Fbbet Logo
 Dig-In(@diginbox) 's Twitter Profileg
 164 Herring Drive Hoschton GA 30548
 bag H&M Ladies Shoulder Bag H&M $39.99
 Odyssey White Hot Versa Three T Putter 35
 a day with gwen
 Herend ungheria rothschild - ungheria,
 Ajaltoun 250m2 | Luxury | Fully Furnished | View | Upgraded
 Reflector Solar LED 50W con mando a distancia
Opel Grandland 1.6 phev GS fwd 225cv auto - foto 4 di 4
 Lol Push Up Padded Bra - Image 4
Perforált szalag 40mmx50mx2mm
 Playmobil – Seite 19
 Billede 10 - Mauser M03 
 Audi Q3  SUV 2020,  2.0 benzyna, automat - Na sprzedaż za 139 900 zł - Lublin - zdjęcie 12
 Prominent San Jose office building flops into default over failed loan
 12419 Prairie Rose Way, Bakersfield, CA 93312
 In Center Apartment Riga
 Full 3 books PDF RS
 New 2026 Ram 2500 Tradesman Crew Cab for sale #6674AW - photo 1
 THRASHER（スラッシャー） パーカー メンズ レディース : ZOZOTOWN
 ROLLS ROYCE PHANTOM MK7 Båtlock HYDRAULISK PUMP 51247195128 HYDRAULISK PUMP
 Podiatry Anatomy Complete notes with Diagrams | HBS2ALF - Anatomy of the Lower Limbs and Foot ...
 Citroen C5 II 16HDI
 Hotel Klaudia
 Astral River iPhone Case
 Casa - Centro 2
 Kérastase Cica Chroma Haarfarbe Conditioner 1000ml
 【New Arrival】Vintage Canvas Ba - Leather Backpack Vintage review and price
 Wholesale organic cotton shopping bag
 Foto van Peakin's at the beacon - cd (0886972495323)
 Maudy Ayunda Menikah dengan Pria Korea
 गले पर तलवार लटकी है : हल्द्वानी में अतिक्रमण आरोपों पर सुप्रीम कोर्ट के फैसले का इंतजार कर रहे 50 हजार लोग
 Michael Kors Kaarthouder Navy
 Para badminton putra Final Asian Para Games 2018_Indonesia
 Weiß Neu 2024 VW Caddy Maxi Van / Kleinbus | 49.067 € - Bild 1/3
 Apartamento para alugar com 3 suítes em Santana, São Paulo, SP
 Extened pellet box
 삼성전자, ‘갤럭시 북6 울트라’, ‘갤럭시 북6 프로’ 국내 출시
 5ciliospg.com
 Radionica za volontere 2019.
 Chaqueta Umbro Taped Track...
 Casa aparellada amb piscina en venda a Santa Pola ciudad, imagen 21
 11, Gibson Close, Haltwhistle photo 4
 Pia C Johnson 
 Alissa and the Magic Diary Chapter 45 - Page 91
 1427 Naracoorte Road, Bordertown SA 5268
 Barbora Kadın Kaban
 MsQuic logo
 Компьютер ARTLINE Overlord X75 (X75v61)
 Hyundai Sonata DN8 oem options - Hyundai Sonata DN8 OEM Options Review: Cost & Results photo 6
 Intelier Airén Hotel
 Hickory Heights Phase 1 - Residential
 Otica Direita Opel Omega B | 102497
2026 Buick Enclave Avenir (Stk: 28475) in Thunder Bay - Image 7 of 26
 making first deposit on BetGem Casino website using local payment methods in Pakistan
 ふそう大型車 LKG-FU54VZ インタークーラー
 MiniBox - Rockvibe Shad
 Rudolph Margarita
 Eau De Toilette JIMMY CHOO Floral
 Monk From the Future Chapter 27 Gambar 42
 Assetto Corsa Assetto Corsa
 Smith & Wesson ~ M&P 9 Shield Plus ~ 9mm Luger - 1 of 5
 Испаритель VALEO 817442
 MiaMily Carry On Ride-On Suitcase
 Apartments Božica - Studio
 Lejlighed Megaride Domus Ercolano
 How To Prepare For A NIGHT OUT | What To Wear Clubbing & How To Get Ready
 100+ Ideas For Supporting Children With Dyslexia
^^^^^^^^^^^^^^^^
## ASSIGNMENT
Please return the lines above exactly, from the first one down to the line with "Opel Grandland 1.6", and stop after that line.

## RESULT OF THE EXERCISE
Fbbet Logo
 Dig-In(@diginbox) 's Twitter Profileg
 164 Herring Drive Hoschton GA 30548
 bag H&M Ladies Shoulder Bag H&M $39.99
 Odyssey White Hot Versa Three T Putter 35
 a day with gwen
 Herend ungheria rothschild - ungheria,
 Ajaltoun 250m2 | Luxury | Fully Furnished | View | Upgraded
 Reflector Solar LED 50W con mando a distancia
Opel Grandland 1.6 phev GS fwd 225cv auto - foto 4 di 4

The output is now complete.